DATA FOR THIS TASK
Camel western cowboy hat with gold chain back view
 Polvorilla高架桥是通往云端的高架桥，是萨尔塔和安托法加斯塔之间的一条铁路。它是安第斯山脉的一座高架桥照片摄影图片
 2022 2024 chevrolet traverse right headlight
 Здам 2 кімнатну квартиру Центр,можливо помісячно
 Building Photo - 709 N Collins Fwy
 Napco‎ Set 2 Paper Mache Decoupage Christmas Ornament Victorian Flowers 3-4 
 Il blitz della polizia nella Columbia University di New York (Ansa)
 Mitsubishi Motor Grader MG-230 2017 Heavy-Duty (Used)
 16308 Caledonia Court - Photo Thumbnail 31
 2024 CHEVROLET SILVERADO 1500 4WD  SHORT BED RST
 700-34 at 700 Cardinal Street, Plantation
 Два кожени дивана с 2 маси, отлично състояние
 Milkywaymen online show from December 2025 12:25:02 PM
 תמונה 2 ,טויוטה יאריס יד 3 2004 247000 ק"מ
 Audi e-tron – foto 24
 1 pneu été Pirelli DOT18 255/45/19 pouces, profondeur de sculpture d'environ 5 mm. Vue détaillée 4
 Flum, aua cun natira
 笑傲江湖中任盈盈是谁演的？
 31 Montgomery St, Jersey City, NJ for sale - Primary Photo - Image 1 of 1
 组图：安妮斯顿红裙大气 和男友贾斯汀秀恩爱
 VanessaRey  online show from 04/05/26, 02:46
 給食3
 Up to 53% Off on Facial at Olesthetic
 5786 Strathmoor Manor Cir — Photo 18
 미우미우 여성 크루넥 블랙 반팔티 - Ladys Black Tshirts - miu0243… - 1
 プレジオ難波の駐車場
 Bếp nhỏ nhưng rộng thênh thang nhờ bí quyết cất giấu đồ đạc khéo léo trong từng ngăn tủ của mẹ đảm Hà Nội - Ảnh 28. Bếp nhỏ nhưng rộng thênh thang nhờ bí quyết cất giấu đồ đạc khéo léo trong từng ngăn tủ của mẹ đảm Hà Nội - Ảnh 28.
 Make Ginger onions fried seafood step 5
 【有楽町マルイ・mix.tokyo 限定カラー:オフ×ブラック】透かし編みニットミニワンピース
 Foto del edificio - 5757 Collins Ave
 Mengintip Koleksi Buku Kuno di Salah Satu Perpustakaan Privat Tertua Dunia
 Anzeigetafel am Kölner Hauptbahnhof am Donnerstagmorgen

PROBLEM TO WORK ON
Count how many lines in the listing contain the string "show". Only that number should be given.

RESPONSE
2